The human foot is a finely tuned set of joints designed to effectively carry the forces of the body towards the ground during walking or running. Your foot can be adversely affected if its geometry and shape forces it to compensate while you perform activities.
A common example is when the arch of the foot it is too low (flatfoot). In this case the muscles in the lower leg and foot will have to work more leading to an energy inefficient gait. Subsequently this can lead to pain in the foot and the knee area. In the example of running athletes this can lead to bad performance. In some cases the lumbar spine can also be affected leading to low back pain. Many people with low back pain claim that when wearing orthotic insoles, their low back pain gets better.
For many years the use of insoles that are tailor made for each patient helps them walk and run better, reducing pain and discomfort at the foot and the rest of the lower limb.
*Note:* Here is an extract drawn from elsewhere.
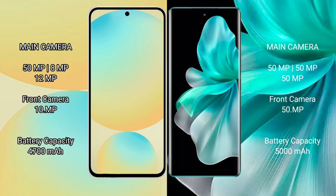The Samsung Galaxy S24 FE features a triple rear camera setup with a 50MP main camera, 8MP, and 12MP lenses, plus a 10MP front camera. The vivo V30 Pro also features a triple rear camera setup with a 50MP main camera, 50MP, and 50MP lenses, plus a 15MP front camera.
At Physiomotive we apply a novel assessment of the foot and the forces that travel through it during your activities and we accurately design special orthotics for your feet.
These orthotics are placed in your shoes and immediately relieve you from pain. They are designed in a way to adjust your body as a whole, leading to better quality of movement.
If your work involves standing or walking with uncomfortable shoes, you are going to benefit from our orthotic soles as they are going to make you feel as if you are wearing your sneakers at work. If you are a running athlete you will experience a boost in your performance and less overuse of your lower limbs. Book an appointment to have a thorough assessment by our specialized in biomechanics personnel.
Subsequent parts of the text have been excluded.